#### Data to process
>>>>>

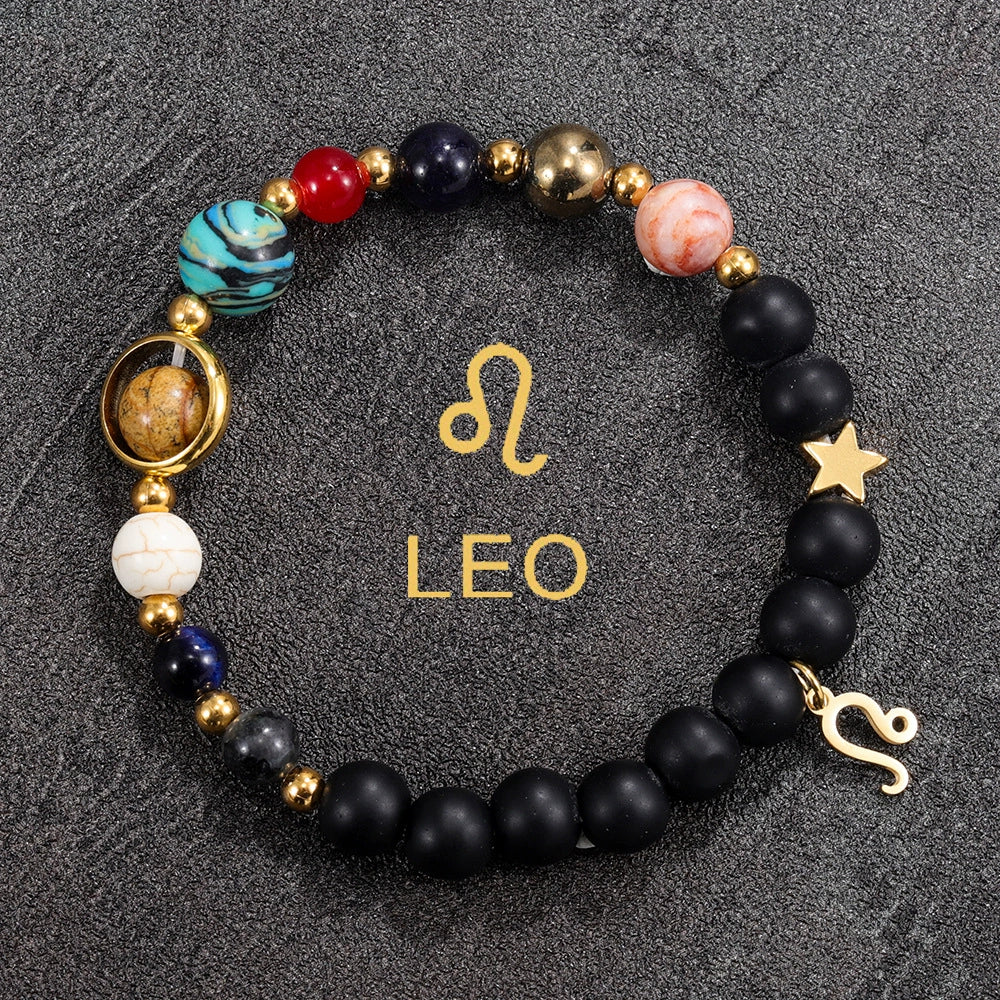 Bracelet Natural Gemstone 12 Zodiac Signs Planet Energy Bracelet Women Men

<<<<<
>>>>>

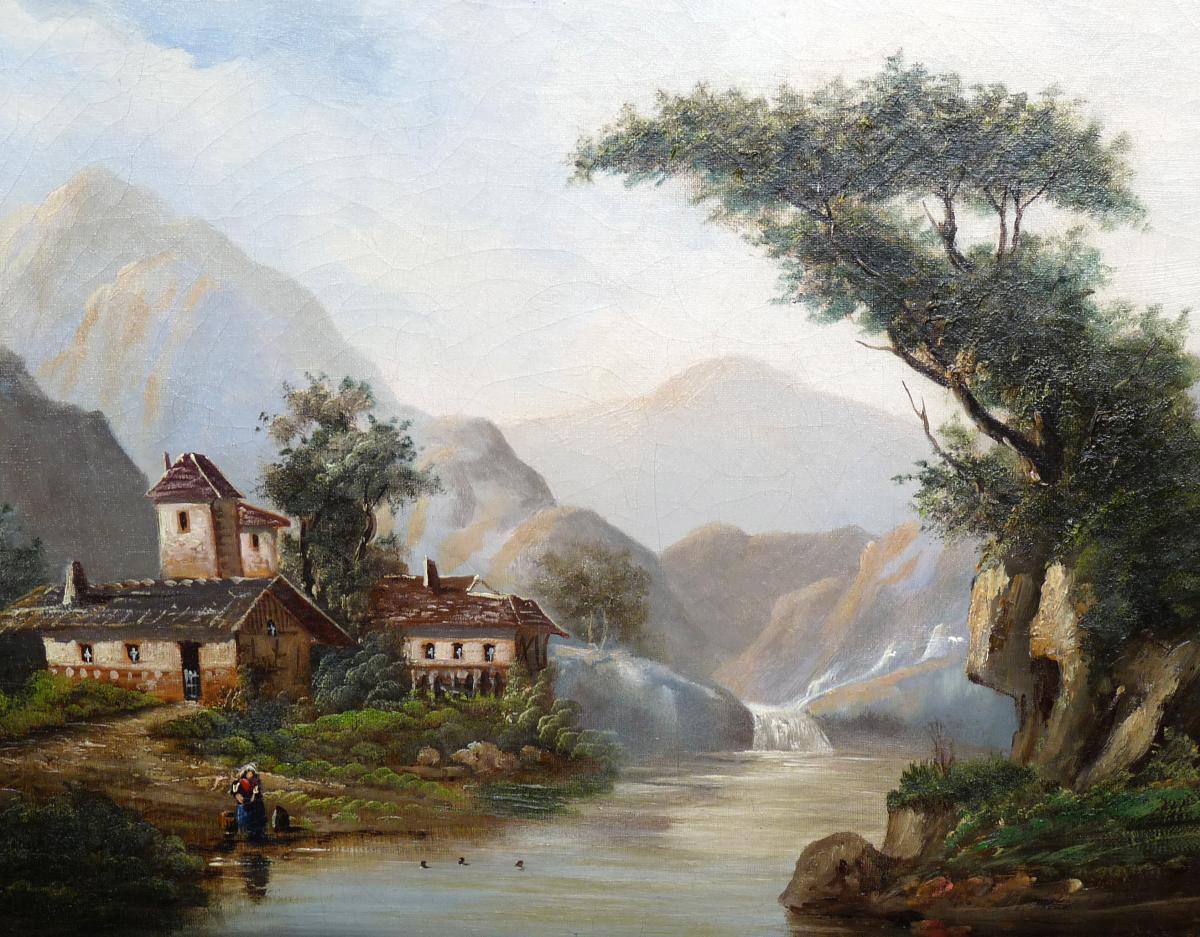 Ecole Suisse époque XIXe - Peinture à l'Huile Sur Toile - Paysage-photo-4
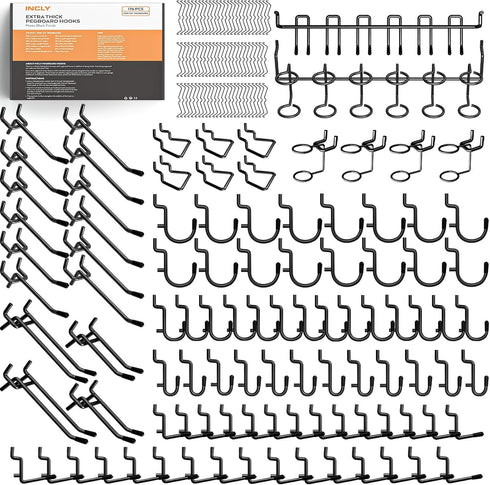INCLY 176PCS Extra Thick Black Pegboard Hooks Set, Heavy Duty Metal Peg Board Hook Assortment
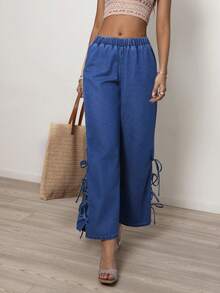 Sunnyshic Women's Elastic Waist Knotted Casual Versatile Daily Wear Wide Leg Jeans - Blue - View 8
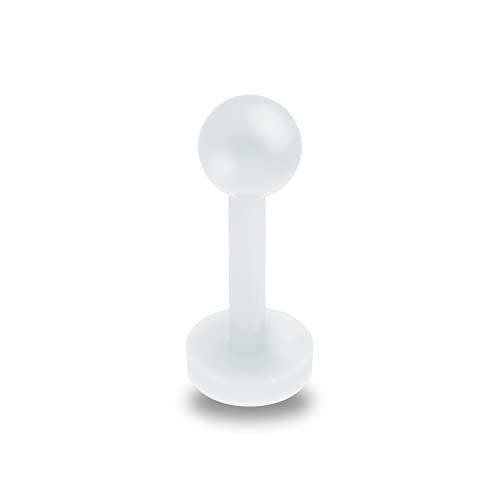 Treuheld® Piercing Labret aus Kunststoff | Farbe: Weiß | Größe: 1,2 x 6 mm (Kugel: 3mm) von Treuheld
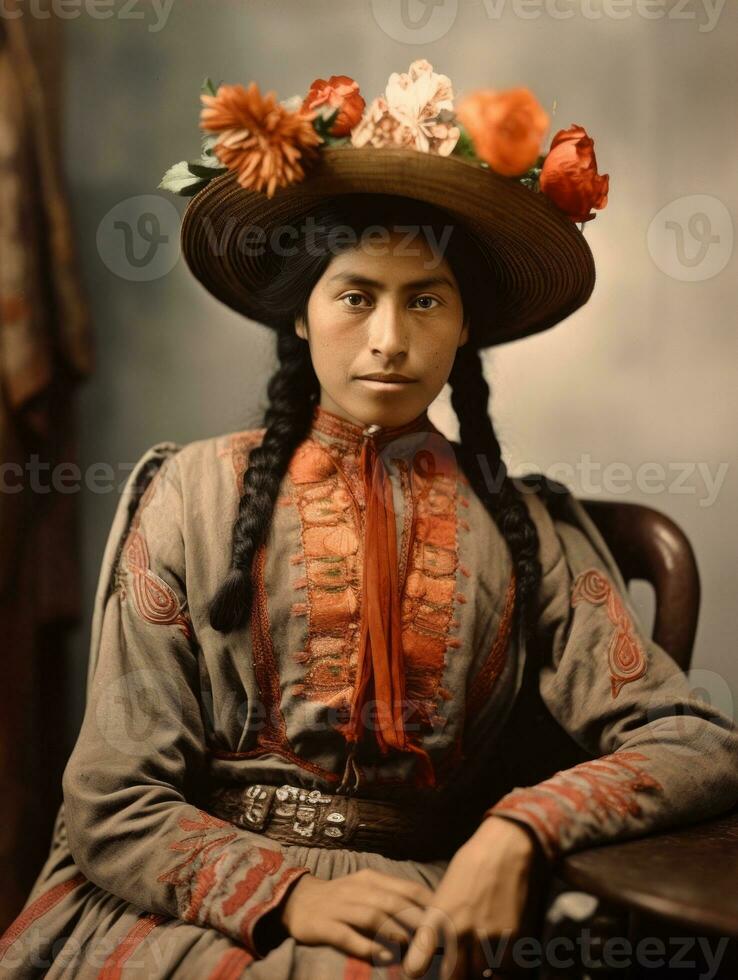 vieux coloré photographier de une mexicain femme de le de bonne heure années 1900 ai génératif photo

<<<<<

#### Task details
Go to the line above that contains "Treuheld® Piercing Labret" and reproduce everything exactly from there through the line that contains "vieux coloré photographier", leaving out the pictures.

#### Solution for this exercise
 Treuheld® Piercing Labret aus Kunststoff | Farbe: Weiß | Größe: 1,2 x 6 mm (Kugel: 3mm) von Treuheld
 vieux coloré photographier de une mexicain femme de le de bonne heure années 1900 ai génératif photo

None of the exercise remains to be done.